A semantic framework for automatic generation of computational workflows using distributed data and component catalogues

  • Authors:
  • Yolanda Gil;Pedro A. Gonzalez-Calero;Jihie Kim;Joshua Moody;Varun Ratnakar

  • Affiliations:
  • Information Sciences Institute, University of Southern California, Marina del Rey, CA 90292, USA;Facultad de Informatica, Universidad Complutense de Madrid, 28040 Madrid, Spain;Information Sciences Institute, University of Southern California, Marina del Rey, CA 90292, USA;Information Sciences Institute, University of Southern California, Marina del Rey, CA 90292, USA;Information Sciences Institute, University of Southern California, Marina del Rey, CA 90292, USA

  • Venue:
  • Journal of Experimental & Theoretical Artificial Intelligence
  • Year:
  • 2011

Quantified Score

Hi-index 0.00

Visualization

Abstract

Computational workflows are a powerful paradigm to represent and manage complex applications, particularly in large-scale distributed scientific data analysis.

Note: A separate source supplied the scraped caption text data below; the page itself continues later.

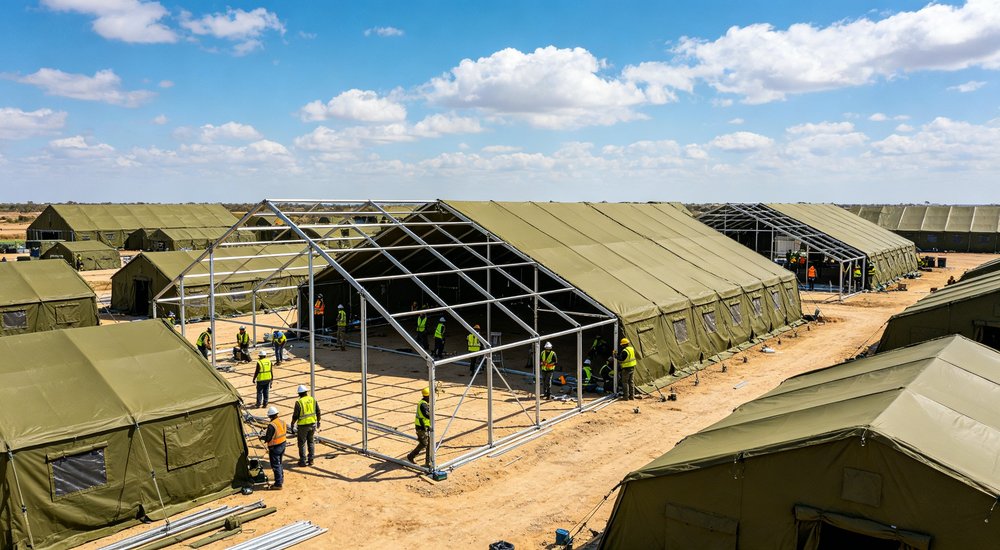 Earthquake affected region showing emergency relief tents deployed near damaged buildings providing immediate safe shelter for survivors while recovery and reconstruction work continues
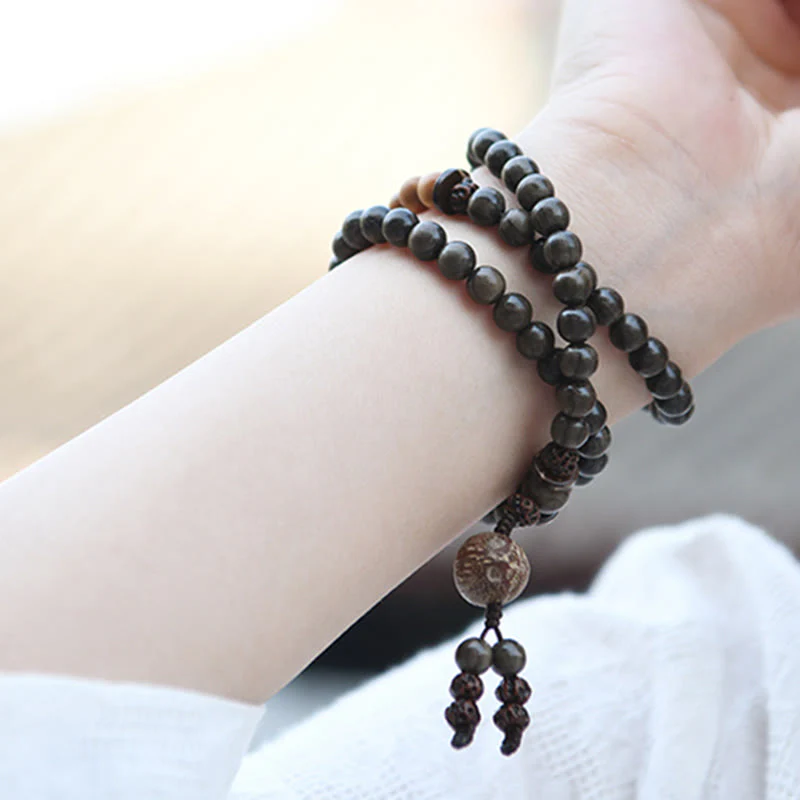 Buddha Stones Tibetan Sandalwood Protection Charm Mala Bracelet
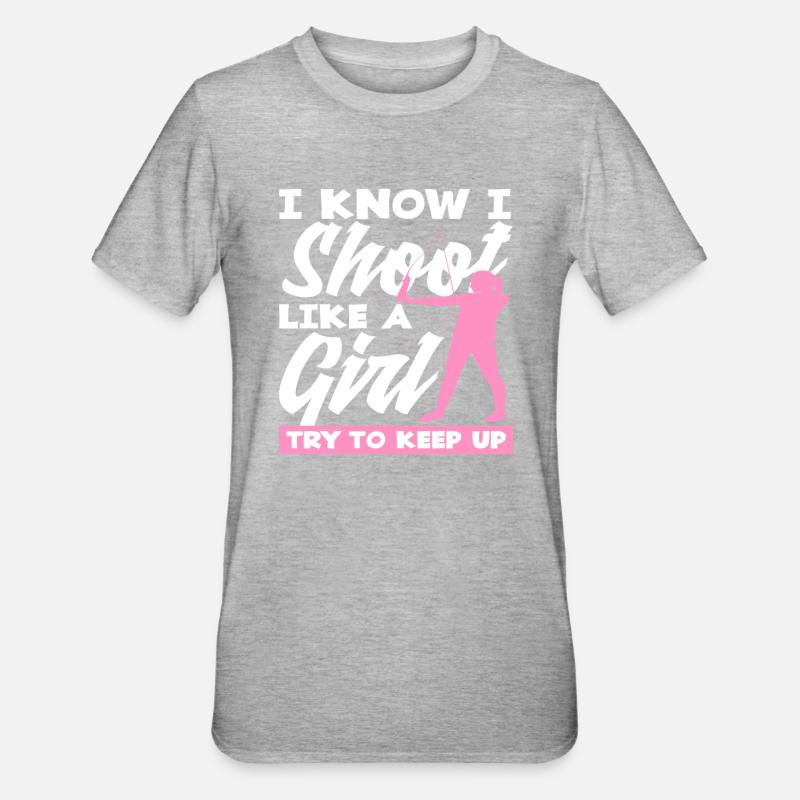Bogen Bogenschießen Mädchen - Unisex Polycotton T-Shirt - Grau meliert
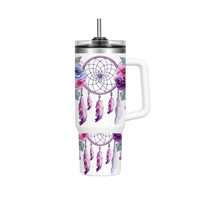 Autocollants UV personnalisés en gros pour gobelets de 40 oz, motifs de dessins animés, surface lisse et rigide, impression par transfert durable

Workflows represent application components that result in individual computations as well as their interdependences in terms of dataflow. Workflow systems use these representations to manage various aspects of workflow creation and execution for users, such as the automatic assignment of execution resources. This article describes an approach to automating a new aspect of the process: the selection of application components and data sources. We present a novel approach that enables users to specify varying degrees of detail and amount of constraints in a workflow request, including the specification of constraints on input, intermediate or output data in the workflow, abstract workflow component classes rather than specific component implementations, and generic reusable workflow templates that express a pre-defined combination of components. The algorithm elaborates the user request into a set of fully ground workflows with specific choices of data sources and codes to be used so that they can be submitted for mapping and execution. The algorithm searches through the space of possible candidate workflows by creating increasingly more specialized versions of the original template and eliminating candidates that violate constraints cumulated in the candidate workflow as components and data sources are selected. A novel feature of our approach is that it assumes a distributed architecture where data and component catalogues are separate from the workflow system. The algorithm explicitly poses queries to external catalogues, and therefore any reasoning regarding data or component properties is not assumed to occur within the workflow system. We describe our implementation of this approach in the Wings workflow system. This implementation uses the W3C Web Ontology Language and associated reasoners to implement the workflow system as well as the data and component catalogues. This research demonstrates the use of artificial intelligence techniques to support the kinds of automation envisioned by the scientific community for large-scale distributed scientific data analysis.